--- Dataset content ---
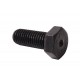 Bolt 1.300.251 [OROS] for corn header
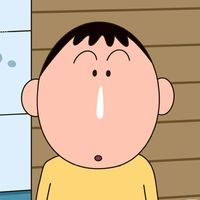 原聲 - blue啊呆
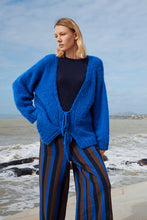 Afbeelding in Gallery-weergave laden, WoolAddicts 17
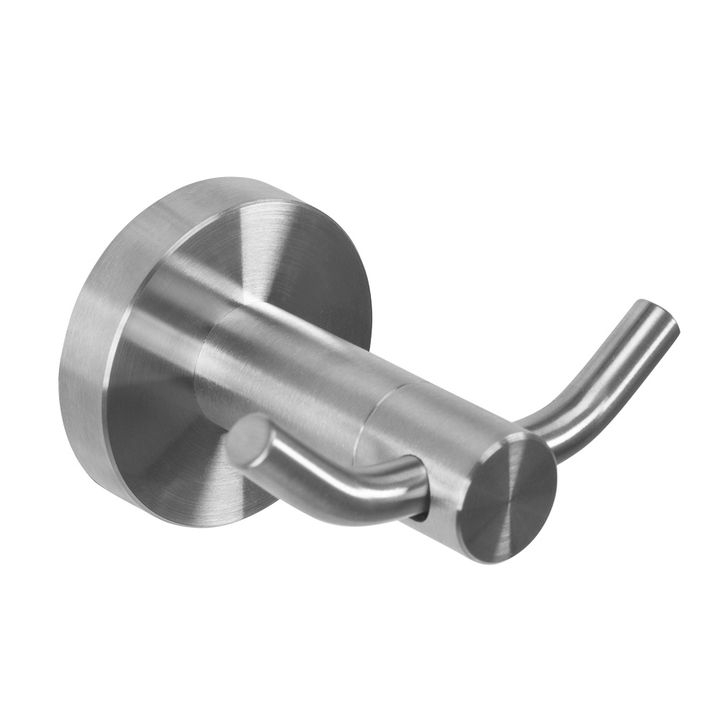 Cuier de baie 332914B MIST 02 crom periat [3]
---
Problem to solve ▸
Retype the data word for word, please, and keep the images out.

Solution ▸
 Bolt 1.300.251 [OROS] for corn header
 原聲 - blue啊呆
 Afbeelding in Gallery-weergave laden, WoolAddicts 17
 Cuier de baie 332914B MIST 02 crom periat [3]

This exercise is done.